# Who Gets What



## jerry318 (Feb 16, 2006)

Right here is the scenario as far as I can see it

Mr X Lives with Miss Y, she is not registered at the address but has lived with him for 8 years.
The house they live in is fullly paid for by Mr X who has now passed away

Mr x has 2 kids (not with Miss Y)that he has not seen for years

What now happens to the house??

Oh and Mr X did not have a will


----------



## Geetarman (Apr 22, 2007)

Would imagine all would have some rights to the estate, kids because they are related and Miss Y as she would probably be considered the common law wife.

Whether she has chosen not to registered at the address for reasons of avoidance of council tax or additional benefits is probably another matter.

Could be a messy one unless agreement can be reached.


----------



## a15cro (May 13, 2008)

Im not an expert but I believe it goes to probate, both the GF and the children can lay a claim and it has to be decided by a third party, then there is taxable liability involved too.

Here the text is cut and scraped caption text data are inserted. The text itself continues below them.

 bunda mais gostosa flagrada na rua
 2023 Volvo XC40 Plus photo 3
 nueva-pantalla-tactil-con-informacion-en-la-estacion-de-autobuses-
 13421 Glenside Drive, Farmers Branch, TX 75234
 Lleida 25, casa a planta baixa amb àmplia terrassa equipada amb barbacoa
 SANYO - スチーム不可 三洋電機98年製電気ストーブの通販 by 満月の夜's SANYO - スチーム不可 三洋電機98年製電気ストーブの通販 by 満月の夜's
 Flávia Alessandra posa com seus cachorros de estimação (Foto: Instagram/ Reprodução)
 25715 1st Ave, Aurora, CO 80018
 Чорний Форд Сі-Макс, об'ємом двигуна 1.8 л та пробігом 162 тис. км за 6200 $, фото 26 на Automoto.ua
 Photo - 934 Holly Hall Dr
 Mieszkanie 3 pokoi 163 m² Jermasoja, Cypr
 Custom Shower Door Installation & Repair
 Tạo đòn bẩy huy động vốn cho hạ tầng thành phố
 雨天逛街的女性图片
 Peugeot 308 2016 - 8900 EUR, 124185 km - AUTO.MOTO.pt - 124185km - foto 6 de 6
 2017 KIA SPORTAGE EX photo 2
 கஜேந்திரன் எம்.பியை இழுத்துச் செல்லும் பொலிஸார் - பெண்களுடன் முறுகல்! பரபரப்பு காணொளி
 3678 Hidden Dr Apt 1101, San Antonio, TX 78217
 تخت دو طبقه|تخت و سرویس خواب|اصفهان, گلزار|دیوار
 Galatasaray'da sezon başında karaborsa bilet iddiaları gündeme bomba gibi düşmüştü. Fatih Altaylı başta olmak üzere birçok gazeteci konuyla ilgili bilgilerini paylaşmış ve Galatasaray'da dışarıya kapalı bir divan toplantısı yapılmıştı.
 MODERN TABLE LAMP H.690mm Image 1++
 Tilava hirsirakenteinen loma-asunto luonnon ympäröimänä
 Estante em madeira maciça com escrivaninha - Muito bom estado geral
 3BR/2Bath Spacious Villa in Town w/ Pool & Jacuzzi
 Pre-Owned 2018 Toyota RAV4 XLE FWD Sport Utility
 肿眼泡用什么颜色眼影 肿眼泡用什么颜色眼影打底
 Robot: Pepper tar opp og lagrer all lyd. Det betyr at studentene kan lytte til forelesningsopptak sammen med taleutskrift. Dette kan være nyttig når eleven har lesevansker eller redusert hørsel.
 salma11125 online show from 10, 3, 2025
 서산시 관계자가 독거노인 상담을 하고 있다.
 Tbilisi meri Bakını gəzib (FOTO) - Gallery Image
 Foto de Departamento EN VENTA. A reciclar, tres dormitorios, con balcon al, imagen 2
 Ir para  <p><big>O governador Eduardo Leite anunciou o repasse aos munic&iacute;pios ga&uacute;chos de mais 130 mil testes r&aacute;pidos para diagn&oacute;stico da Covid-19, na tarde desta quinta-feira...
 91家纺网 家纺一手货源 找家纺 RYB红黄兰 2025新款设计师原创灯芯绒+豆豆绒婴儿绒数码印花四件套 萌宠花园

Like I say, Im no expert but everyone should put a will in place and this was backed up by my accountant the other day who was explaining a similar scenario as the one above but this was a wife and the guy was a very succesful business man - with no will. The wife and the children have been locked in a battle to try and avoid 100k's worth of tax. They finally agreed a settlement less than 24hrs before the deadline.


----------



## DiscoDriver (Oct 27, 2009)

"Common law wife" has no legal meaning and thus is irrelevant. Unless there is something written down (ie a will) I think Miss Y will be left high and dry. She has no legal or familial connection to the deceased.


----------



## Duke Wellington (Dec 1, 2009)

I have been an Executor on several Wills and someone who has died without leaving a Will is known as to have died intestate. In these circumstances there is a set sequence of order on who has a claim on the deceased estate.

This link on the Rules of Intestacy should help: Intestacy link

Prior to Probate being granted all Taxes have to be paid first, so the first person to have claim on a deceased person's estate is always HM Revenue & Customs.


----------



## DiscoDriver (Oct 27, 2009)

That was a great link Arthur ;-)


----------